The basic function of a male mentor is to spend enough time with a boy or young man to teach him how to grow up in such a way that he is able to make a positive contribution to those within his sphere of influence. It is taking the raw materials of a young male’s life and helping him to reach his full potential within the context of his lifespan. It is a time consuming process that comes together bits and pieces at a time with no promises or guarantees. The one thing we know for sure is that a vast majority of boys have a much greater propensity for achievement when they are mentored than when they are not. Here are a few issues a mentor actively engages in:
A mentor teaches a boy how to be assertive without having to be aggressive which only looks out for “self.” A man shows a boy how to do “manly things” (play sports, fish, hunt, study properly, perform heavy labor, ride Harleys, study, etc.). A mentor teaches younger males how to be tough, strong and powerful, while at the same time being under control.
Genuine encouragement is a part of what a mentor does.
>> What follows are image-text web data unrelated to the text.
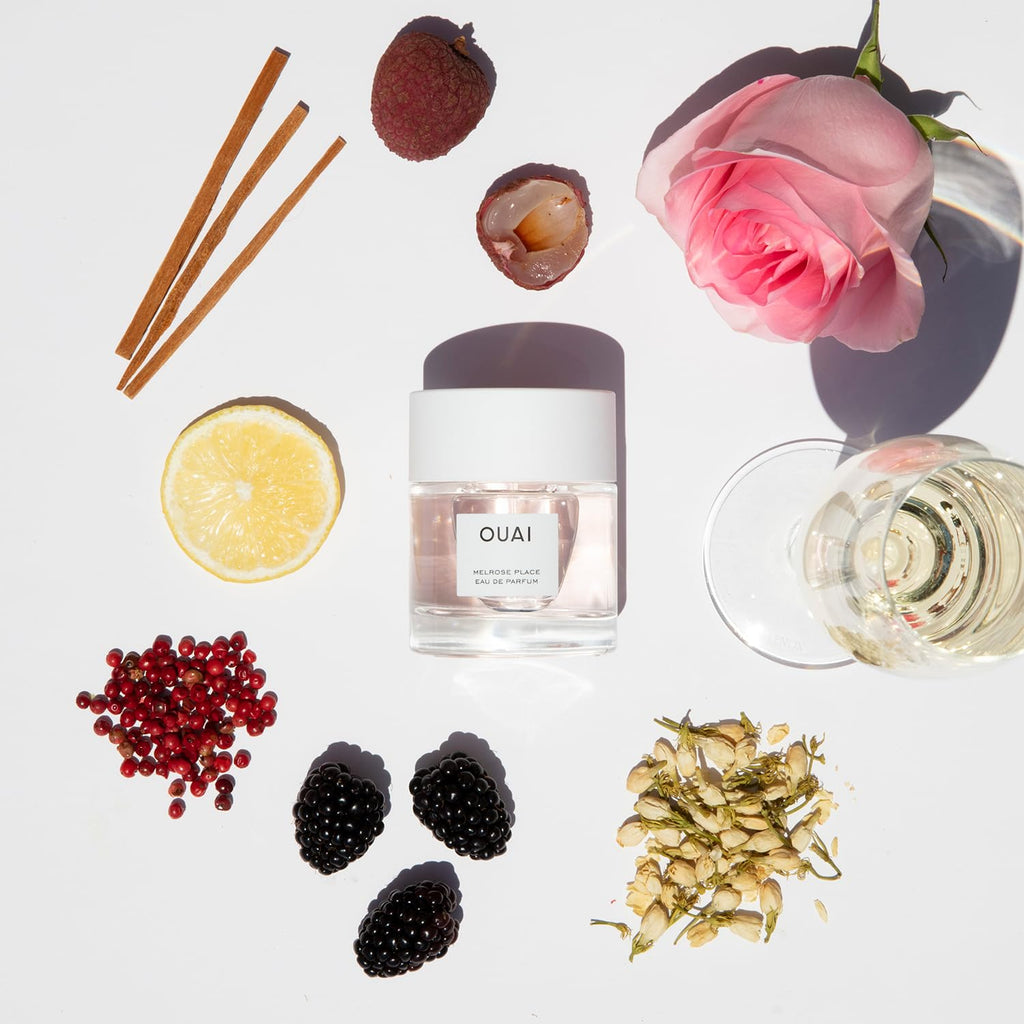 OUAI Melrose Place Eau de Parfum - Elegant Womens Perfume for Everyday Wear - Fresh Floral Scent has Notes of Champagne, Bergamot and Rose with Delicate Hints of Cedarwood and Lychee (1.7 Oz) OUAI Au supplements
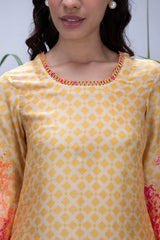 Yellow Wildflower Bell Sleeve Kurta Set - Archana Shah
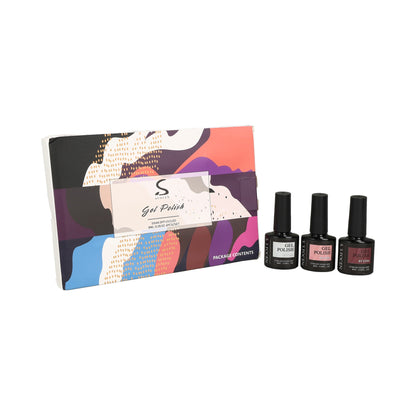 set de esmalte en gel, que incluye seis colores y es de larga duración.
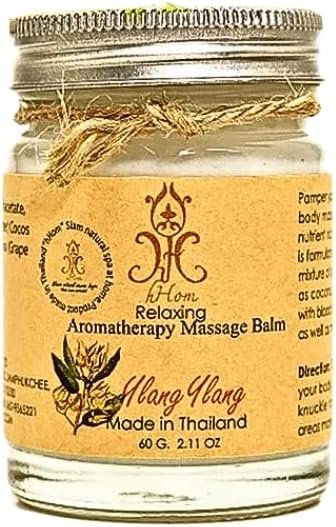 Relaxing Ylang Ylang Aromatherapy Massage Balm, 2.11 oz, Thai Made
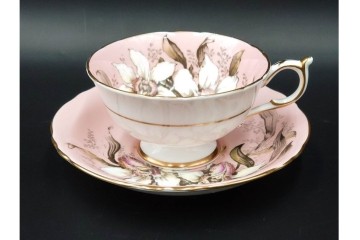 イギリス製　PARAGON(パラゴン)　ピンク　オーキッド(蘭)柄が上品なカップ&ソーサー　(R-087213)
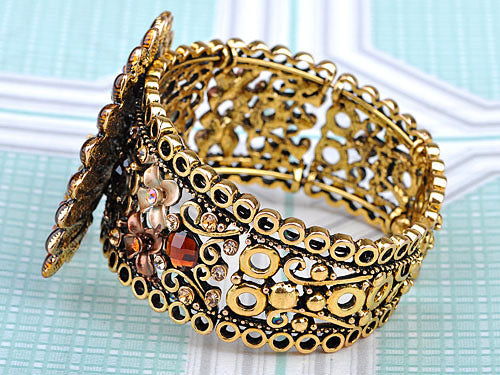 Exotic Multicolor Peacock Bird Bangle Bracelet Cuff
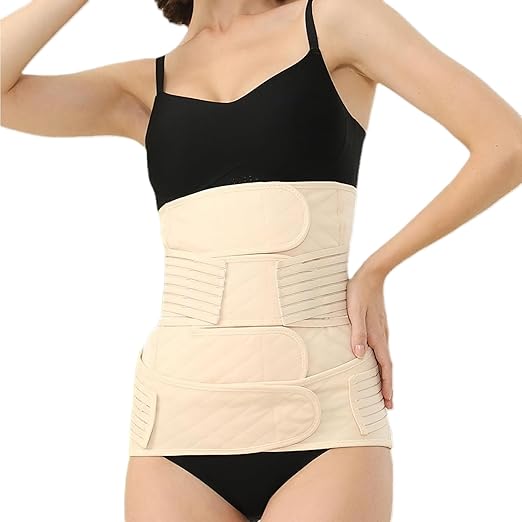 2 in 1 Postpartum Belly Band Wrap Beige, C-Section Support Belt Large, Post Partum Support Recovery Waist/Pelvis Belt, Hysterectomy Belly Band Binder Girdle Stomach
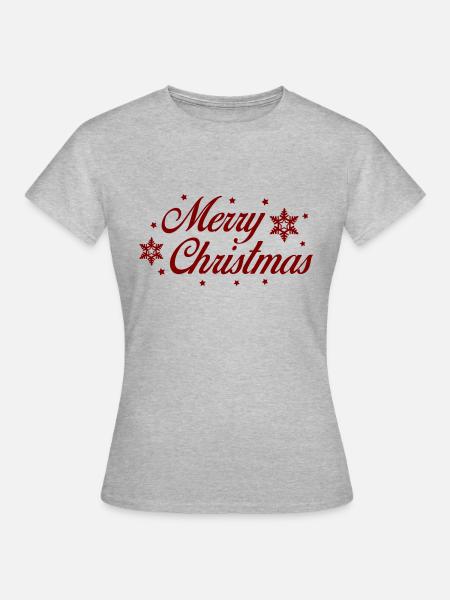merry christmas - Frauen T-Shirt - Grau meliert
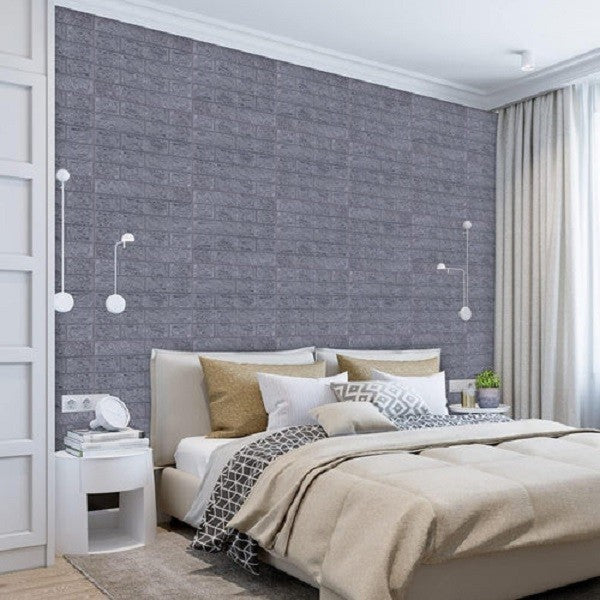 Tapet 3D Autocolant Model Caramida, Panou Perete Autoadeziv Lavabil si Impermeabil, Spuma Polietilena XPE, 70 x 77 cm, Grosime 3 mm, Argintiu, Set 10 Placi, 5.3 mp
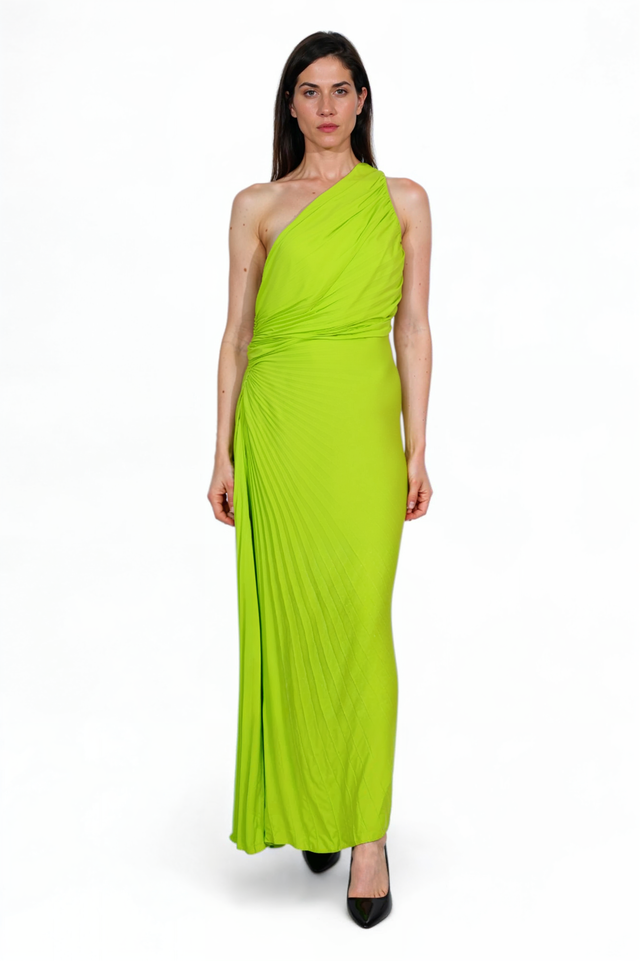 Valentino One-Shoulder Draped Gown in Chartreuse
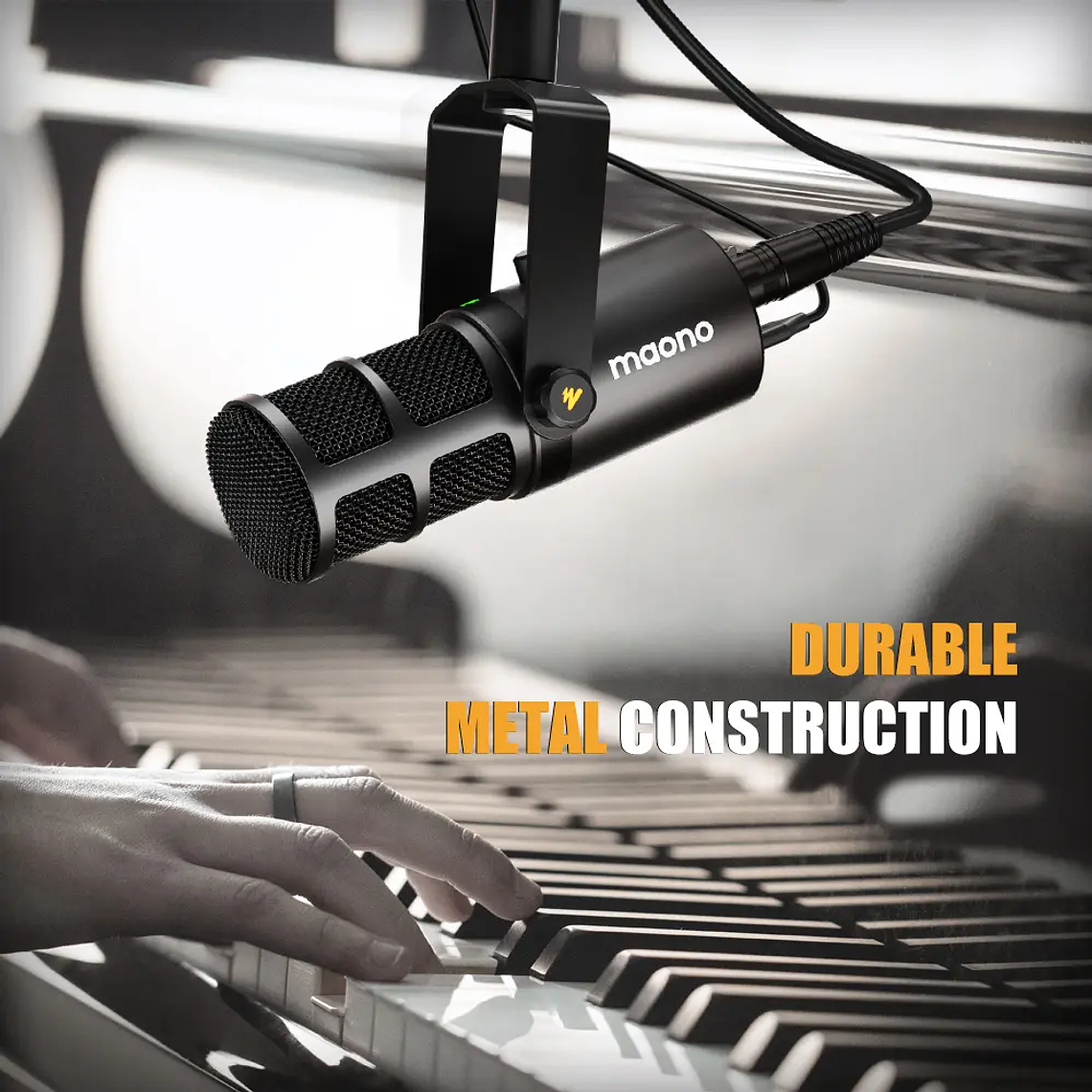 Maono Microfono Dinamico Profesional PD400X XLR USB para PODCASTERS 9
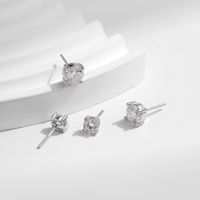 Ig Style Elegant Geometric Solid Color Sterling Silver Gra Plating Inlay Moissanite Rhodium Plated Ear Studs main image 6
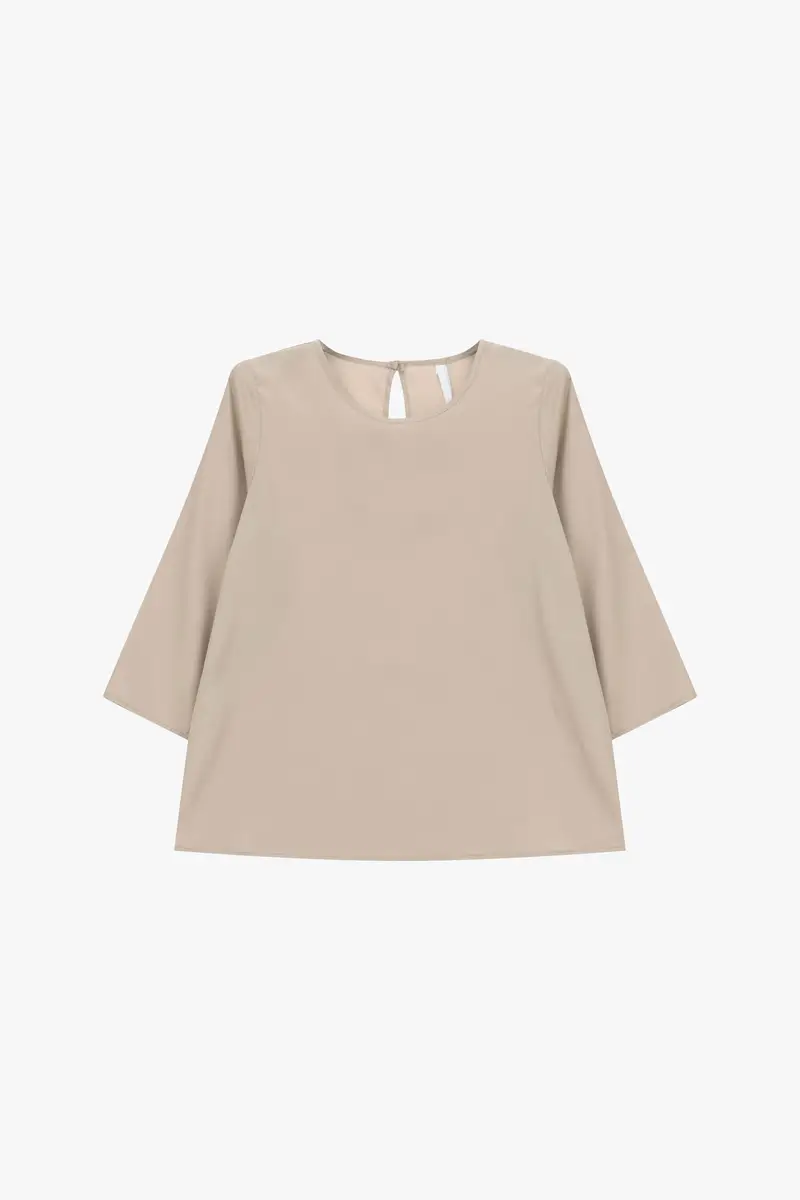 Top regular fit manica tre quarti collo giro Platino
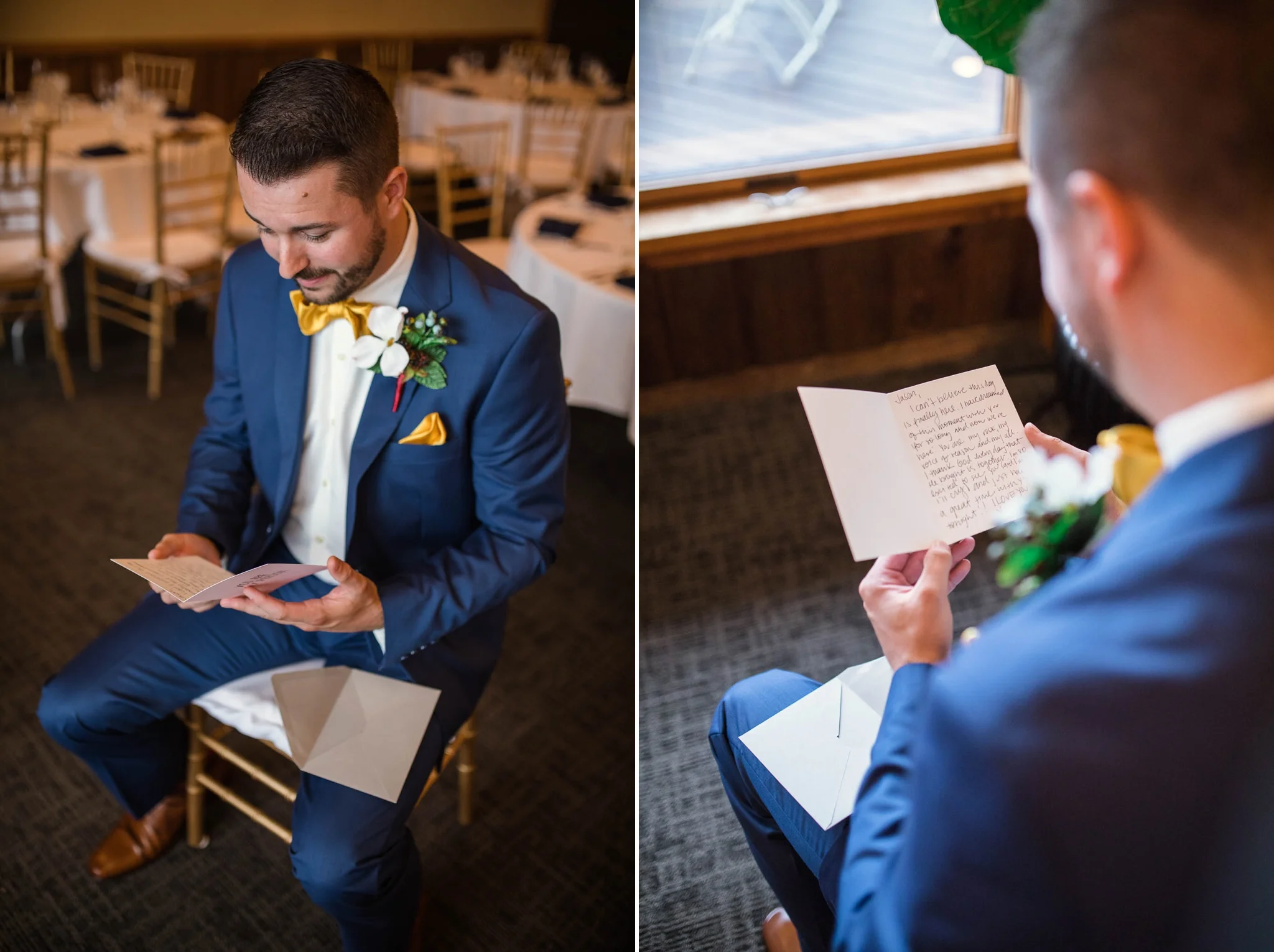 Groom reading the letter from his bride - Meredith + Jason - The Crest Center and Pavilion in Asheville, NC - Raleigh Wedding Photographer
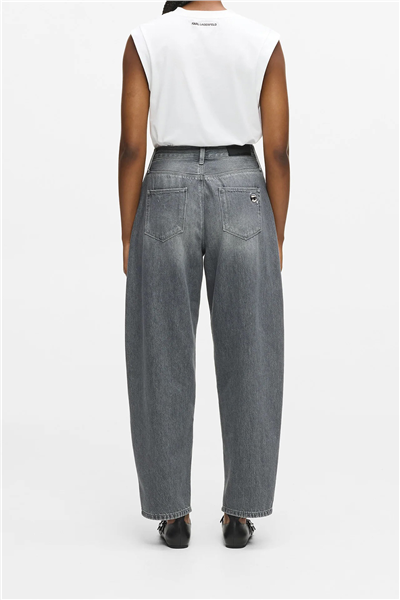 Karl Lagerfeld Ikon Barrel Denim Kadın Jean Pantolon Açık Gri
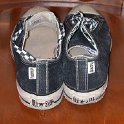 Brad Deniston Collection of Chucks  Rear view of black hemp low cut chucks.
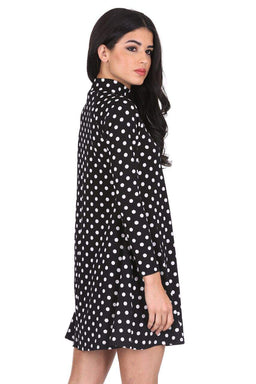 Black Polka Dot High Neck Sleeved Swing Dress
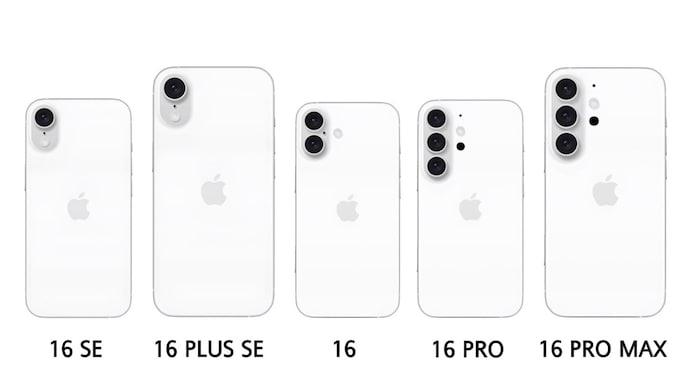 Imagen referencial de los posibles tamaños y modelos del nuevo iPhone 16.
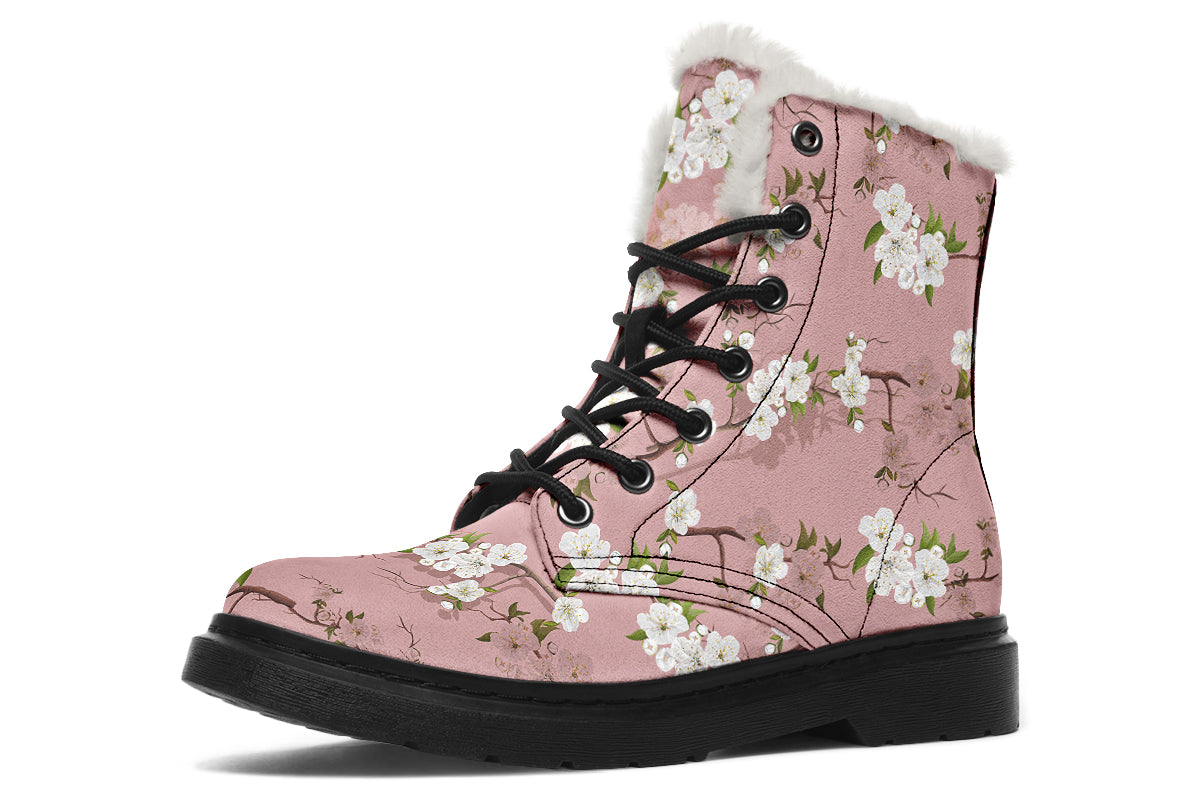 Peach Blossoms Faux Fur Boots - Offbeat Sweetie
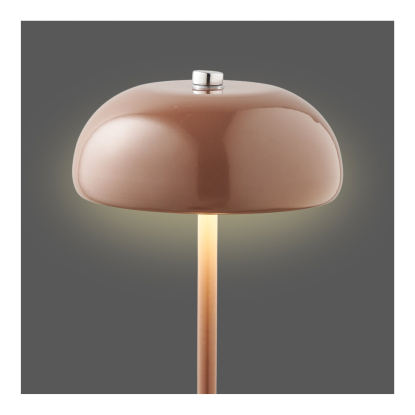 Margate LED bordlampe, genopladelig, H18 cm, brun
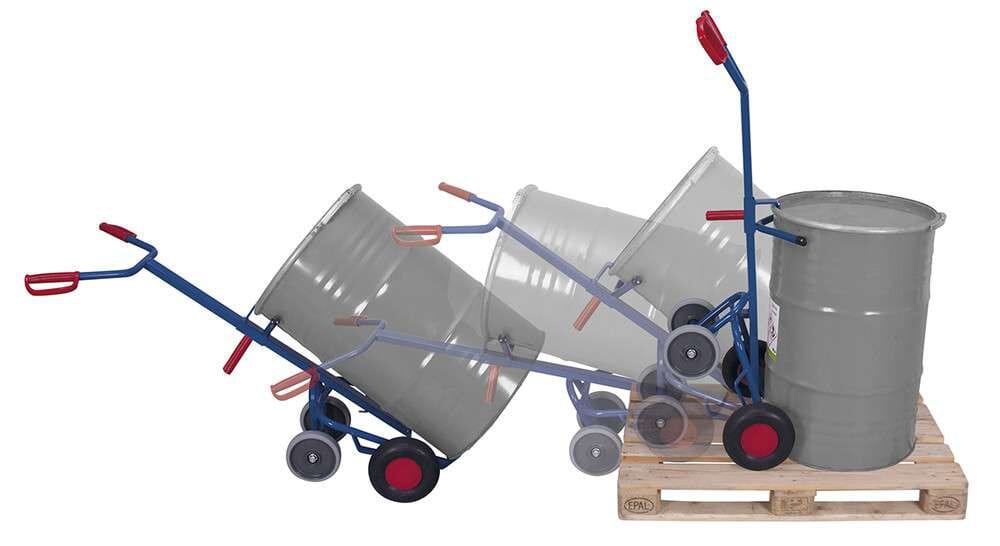 Diable porte-fûts avec 2 roulettes de support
He helps the younger man maneuver the maze of life even when difficulties arise. The mentor lets the one being mentored know that he has what it takes to overcome tough times. The mentor provides unconditional regard whether the young man makes wise or poor choices.
A sounding board is needed by every human being, especially when young and unsure of self and the circumstances of life. A mentor listens and allows questions to be asked about the best way to approach a situation to gain the maximum result. Perspective is given in the context of how a particular situation fits into the overall picture of life. Then, the mentor teaches the boy how to look at all the different aspects of the situation and how to determine the healthiest choice at that juncture in their life.
I believe one of the greatest roles of a mentor is to teach a boy how he knows when he has become a man. I see four very valuable areas that point to whether a male has reached “basic” adulthood.
- A male has become a man when his life becomes based on truth which provides a basic standard for what is right/wrong, good/bad, or helpful and not harmful to others. He seeks the best for those around him and for society as a whole.
- A male has become a man when he understands that life is not all about him, but what he can do for others without always expecting some type of compensation in return. Learning the art of being grateful goes a lot further than focusing on greed.
- A male has become a man when he learns to accept full responsibility for his own life without blaming others. A man is responsible for his own thoughts, feelings, language, social interaction, sexuality, and every other action.
- A male has become a man when he has learned how to treat women. A real man is polite and not crude around women. A man helps a woman respect herself physically and sexually. A man will make positive comments about a woman and not put her down in private or public situations. A man protects the woman he is with and sees that no harm comes to her.
As we put into practice the principles presented in this three part article, we can help create a generation of young men who will be healthy, reach their full potential, and make great contributions to the world.